What happened

Shares of consulting company Accenture (ACN 0.35%) took off like a rocket Thursday morning and are up 8.6% as of 10:35 a.m. ET.

Accenture reported huge beats on the top and bottom lines in its earnings report for the fiscal first quarter of 2022 this morning. Instead of the $12.6 billion in revenue that analysts had projected, Accenture took in $15 billion in the quarter. Instead of analysts' projected $2.36 per share in profit, Accenture earned $2.78 per share.  

Arrow angles up on a green stock chart.

Image source: Getty Images.

So what

Accenture grew its revenue 27% year over year, and its earnings 20% (or 28% on a pro forma basis). Operating profit margins expanded by 20 basis points, helping to keep pro forma profits rising faster than revenue.  

Perhaps best of all, Accenture pointed out that it grew its "new bookings" (future revenue) by 30%. The logical implication: Revenue that grew rapidly in Q1 might grow even faster in future quarters.

Now what

As it turned out, however, Accenture played things conservatively on the guidance front. The company did incorporate its better-than-expected Q1 numbers into guidance, but still said it thinks revenue will rise only 19% to 22% this year (i.e., slower than in Q1), with earnings ranging from $10.32 to $10.60, and positive free cash flow (FCF) of $7.7 billion to $8.2 billion.

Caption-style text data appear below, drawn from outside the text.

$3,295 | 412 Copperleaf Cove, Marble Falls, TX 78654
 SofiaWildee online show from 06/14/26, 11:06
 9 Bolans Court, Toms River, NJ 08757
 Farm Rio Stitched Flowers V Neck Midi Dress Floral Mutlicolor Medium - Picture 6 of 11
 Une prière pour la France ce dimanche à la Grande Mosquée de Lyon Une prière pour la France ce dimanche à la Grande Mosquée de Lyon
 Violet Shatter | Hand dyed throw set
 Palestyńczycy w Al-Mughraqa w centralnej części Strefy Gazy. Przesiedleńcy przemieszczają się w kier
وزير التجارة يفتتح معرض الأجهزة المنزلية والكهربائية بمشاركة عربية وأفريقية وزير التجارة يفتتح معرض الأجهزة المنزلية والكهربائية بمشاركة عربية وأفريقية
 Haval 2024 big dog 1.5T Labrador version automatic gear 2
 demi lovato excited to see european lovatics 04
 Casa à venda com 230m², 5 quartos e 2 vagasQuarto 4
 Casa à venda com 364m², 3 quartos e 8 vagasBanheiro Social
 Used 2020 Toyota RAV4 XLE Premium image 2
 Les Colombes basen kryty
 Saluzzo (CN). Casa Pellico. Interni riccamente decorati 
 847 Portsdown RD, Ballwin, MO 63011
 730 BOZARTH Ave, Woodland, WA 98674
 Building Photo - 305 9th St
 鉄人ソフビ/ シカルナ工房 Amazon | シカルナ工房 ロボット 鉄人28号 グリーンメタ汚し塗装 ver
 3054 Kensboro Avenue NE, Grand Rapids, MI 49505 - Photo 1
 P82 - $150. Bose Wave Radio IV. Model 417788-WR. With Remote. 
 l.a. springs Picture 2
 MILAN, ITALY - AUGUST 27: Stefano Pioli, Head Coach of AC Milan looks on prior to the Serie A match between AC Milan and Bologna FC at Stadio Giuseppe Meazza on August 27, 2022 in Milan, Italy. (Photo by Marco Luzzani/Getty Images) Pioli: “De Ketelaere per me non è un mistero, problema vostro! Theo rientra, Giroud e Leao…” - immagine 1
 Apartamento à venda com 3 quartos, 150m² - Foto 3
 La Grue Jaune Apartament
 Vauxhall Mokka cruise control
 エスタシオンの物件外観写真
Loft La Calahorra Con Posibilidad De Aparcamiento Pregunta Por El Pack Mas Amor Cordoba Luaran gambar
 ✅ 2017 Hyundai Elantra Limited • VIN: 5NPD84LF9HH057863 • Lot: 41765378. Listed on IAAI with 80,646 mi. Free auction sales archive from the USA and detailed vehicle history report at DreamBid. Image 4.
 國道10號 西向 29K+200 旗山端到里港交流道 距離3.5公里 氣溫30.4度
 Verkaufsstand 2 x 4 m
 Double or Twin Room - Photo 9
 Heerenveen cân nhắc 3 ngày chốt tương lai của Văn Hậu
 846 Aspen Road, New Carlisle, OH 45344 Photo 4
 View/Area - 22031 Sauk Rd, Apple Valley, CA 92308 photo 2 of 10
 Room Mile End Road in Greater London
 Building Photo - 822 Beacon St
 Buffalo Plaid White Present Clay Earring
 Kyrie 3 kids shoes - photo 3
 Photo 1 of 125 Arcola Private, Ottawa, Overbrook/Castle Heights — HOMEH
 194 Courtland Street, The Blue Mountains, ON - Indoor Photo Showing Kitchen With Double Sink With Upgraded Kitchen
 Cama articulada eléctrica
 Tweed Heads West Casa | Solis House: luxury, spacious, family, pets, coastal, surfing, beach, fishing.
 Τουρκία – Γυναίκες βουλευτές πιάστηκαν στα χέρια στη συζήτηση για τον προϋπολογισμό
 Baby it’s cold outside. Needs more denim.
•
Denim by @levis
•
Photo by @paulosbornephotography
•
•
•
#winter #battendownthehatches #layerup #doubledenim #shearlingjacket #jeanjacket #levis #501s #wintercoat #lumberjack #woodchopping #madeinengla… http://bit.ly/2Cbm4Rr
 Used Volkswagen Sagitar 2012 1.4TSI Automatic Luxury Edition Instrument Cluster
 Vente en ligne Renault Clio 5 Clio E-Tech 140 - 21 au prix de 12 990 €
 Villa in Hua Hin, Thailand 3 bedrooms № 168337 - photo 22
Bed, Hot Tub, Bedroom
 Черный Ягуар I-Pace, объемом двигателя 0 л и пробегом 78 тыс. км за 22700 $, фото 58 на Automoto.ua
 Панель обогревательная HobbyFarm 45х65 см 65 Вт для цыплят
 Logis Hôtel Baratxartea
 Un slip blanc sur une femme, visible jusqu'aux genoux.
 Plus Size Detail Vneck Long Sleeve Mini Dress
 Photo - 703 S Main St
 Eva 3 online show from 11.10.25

Really, if there's anything to quibble with at Accenture this quarter, it's not the performance -- it's the stock price. At a valuation in excess of $240 billion, and a stock price that's up more than 40% over the past year, Accenture stock currently costs more than 30 times its anticipated free cash flow through the end of the year.

Even if the company manages to grow FCF as fast as bookings grew last quarter (30%), the stock looks fully valued to me.